▶ Problem to work on:
Scan the lines below and report each one containing "between" by copying it.

Records excerpted from a collection:
* * * *

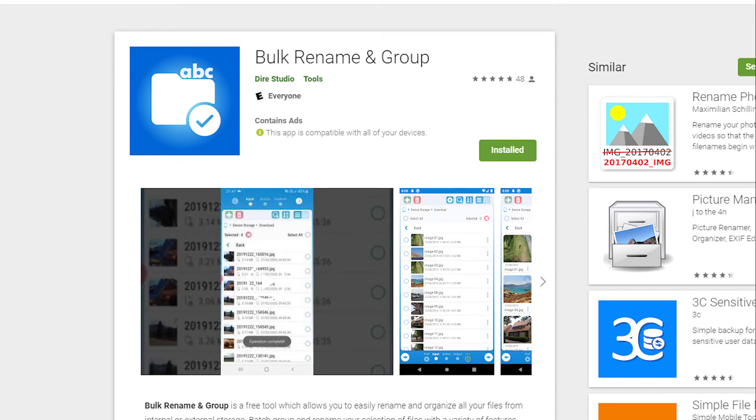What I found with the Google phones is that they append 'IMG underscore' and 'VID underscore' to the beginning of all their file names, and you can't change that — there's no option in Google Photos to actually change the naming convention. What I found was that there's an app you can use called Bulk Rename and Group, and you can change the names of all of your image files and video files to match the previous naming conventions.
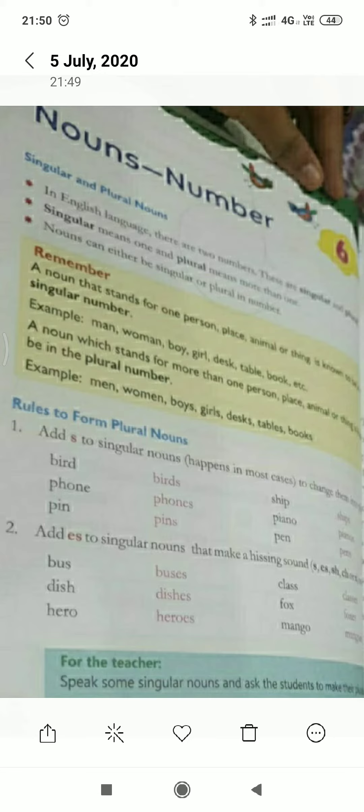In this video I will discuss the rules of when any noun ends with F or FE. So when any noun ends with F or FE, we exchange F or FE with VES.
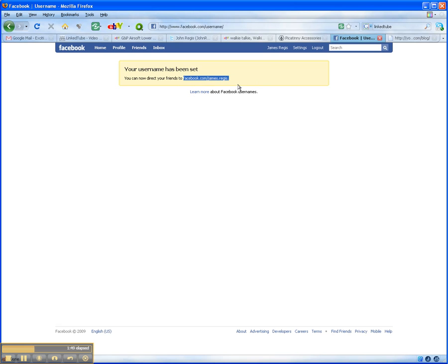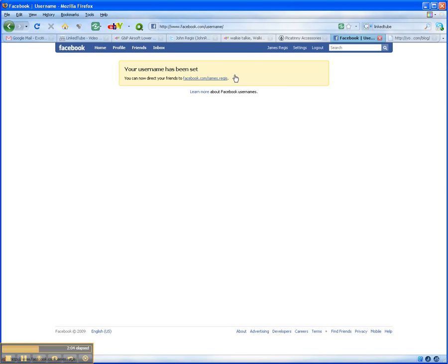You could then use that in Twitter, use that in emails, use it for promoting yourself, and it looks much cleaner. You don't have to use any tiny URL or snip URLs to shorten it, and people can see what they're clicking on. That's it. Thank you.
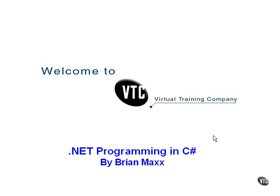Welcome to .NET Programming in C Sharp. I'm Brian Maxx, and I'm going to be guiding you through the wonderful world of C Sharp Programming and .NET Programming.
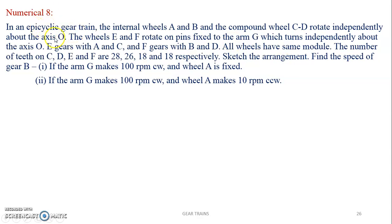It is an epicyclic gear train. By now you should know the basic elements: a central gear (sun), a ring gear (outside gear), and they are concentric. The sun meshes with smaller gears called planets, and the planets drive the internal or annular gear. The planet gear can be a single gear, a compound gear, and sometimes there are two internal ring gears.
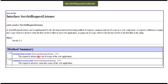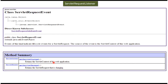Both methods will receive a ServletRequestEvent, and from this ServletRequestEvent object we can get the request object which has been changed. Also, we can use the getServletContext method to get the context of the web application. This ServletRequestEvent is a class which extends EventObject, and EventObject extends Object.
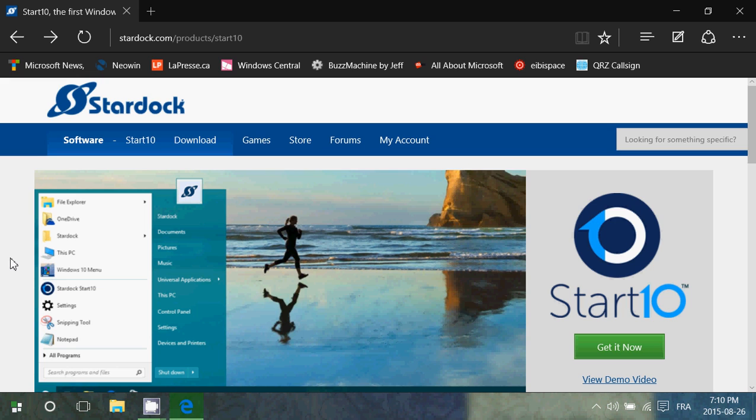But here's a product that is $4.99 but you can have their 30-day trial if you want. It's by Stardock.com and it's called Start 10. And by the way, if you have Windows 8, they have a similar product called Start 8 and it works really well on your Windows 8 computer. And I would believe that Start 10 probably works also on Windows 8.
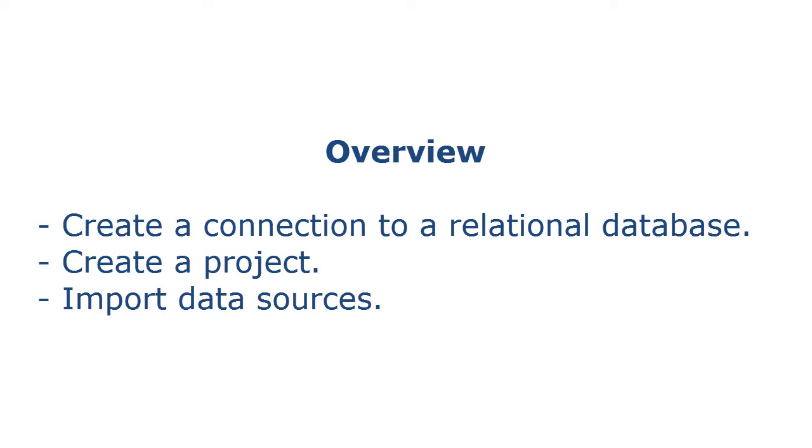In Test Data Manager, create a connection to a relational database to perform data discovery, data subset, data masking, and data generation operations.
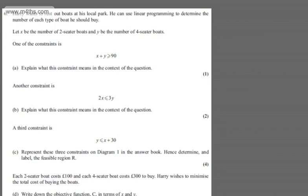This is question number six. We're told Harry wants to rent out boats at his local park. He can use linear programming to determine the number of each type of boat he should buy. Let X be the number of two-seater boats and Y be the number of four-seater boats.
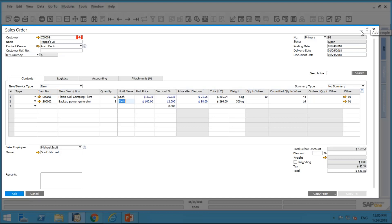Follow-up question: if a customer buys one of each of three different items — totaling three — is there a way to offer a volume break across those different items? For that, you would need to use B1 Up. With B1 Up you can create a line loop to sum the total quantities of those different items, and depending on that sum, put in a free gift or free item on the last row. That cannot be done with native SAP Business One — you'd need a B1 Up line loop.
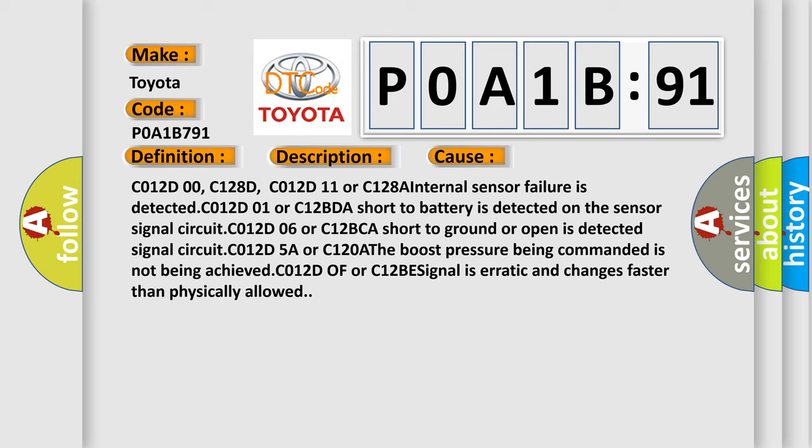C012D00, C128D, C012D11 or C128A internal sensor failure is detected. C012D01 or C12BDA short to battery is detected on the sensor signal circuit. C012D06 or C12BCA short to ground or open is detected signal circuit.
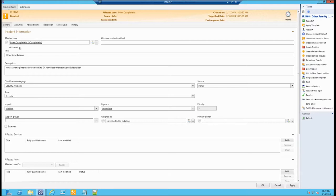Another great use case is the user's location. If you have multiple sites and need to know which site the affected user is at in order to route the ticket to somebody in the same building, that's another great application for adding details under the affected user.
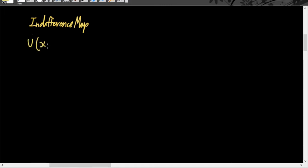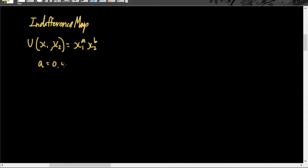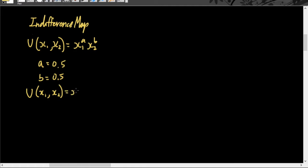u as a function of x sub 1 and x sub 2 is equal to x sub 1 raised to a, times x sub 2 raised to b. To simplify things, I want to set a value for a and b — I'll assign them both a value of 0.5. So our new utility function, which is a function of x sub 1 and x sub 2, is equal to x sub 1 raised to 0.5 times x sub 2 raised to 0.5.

* * * *

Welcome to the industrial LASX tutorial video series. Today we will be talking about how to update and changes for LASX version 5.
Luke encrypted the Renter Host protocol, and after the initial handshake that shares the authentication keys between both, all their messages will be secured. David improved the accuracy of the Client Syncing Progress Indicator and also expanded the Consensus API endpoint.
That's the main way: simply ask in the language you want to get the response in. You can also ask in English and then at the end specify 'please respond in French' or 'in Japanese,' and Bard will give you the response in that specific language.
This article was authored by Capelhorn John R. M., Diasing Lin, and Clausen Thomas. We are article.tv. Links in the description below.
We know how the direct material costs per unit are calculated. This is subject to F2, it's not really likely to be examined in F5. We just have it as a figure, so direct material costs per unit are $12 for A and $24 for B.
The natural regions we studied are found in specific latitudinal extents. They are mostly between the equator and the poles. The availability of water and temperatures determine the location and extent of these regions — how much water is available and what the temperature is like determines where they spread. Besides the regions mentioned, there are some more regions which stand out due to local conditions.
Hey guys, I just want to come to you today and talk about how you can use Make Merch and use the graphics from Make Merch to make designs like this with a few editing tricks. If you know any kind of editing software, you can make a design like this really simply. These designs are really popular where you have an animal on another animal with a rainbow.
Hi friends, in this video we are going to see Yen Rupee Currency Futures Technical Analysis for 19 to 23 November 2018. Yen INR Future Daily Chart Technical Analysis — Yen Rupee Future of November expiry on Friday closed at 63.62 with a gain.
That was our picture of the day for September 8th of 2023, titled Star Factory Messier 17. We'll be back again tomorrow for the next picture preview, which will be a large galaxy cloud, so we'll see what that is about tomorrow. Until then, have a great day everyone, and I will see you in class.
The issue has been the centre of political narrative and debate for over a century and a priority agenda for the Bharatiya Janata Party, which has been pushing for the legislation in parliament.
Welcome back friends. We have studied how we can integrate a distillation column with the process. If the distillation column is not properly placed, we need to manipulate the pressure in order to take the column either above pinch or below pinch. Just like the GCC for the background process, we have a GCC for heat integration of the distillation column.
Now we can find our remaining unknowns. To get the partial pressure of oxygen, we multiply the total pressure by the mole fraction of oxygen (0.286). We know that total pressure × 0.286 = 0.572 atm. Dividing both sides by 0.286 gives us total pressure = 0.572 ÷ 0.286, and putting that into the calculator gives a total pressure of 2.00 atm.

* * * *

▶ Solution to the problem:
Luke encrypted the Renter Host protocol, and after the initial handshake that shares the authentication keys between both, all their messages will be secured. David improved the accuracy of the Client Syncing Progress Indicator and also expanded the Consensus API endpoint.
The natural regions we studied are found in specific latitudinal extents. They are mostly between the equator and the poles. The availability of water and temperatures determine the location and extent of these regions — how much water is available and what the temperature is like determines where they spread. Besides the regions mentioned, there are some more regions which stand out due to local conditions.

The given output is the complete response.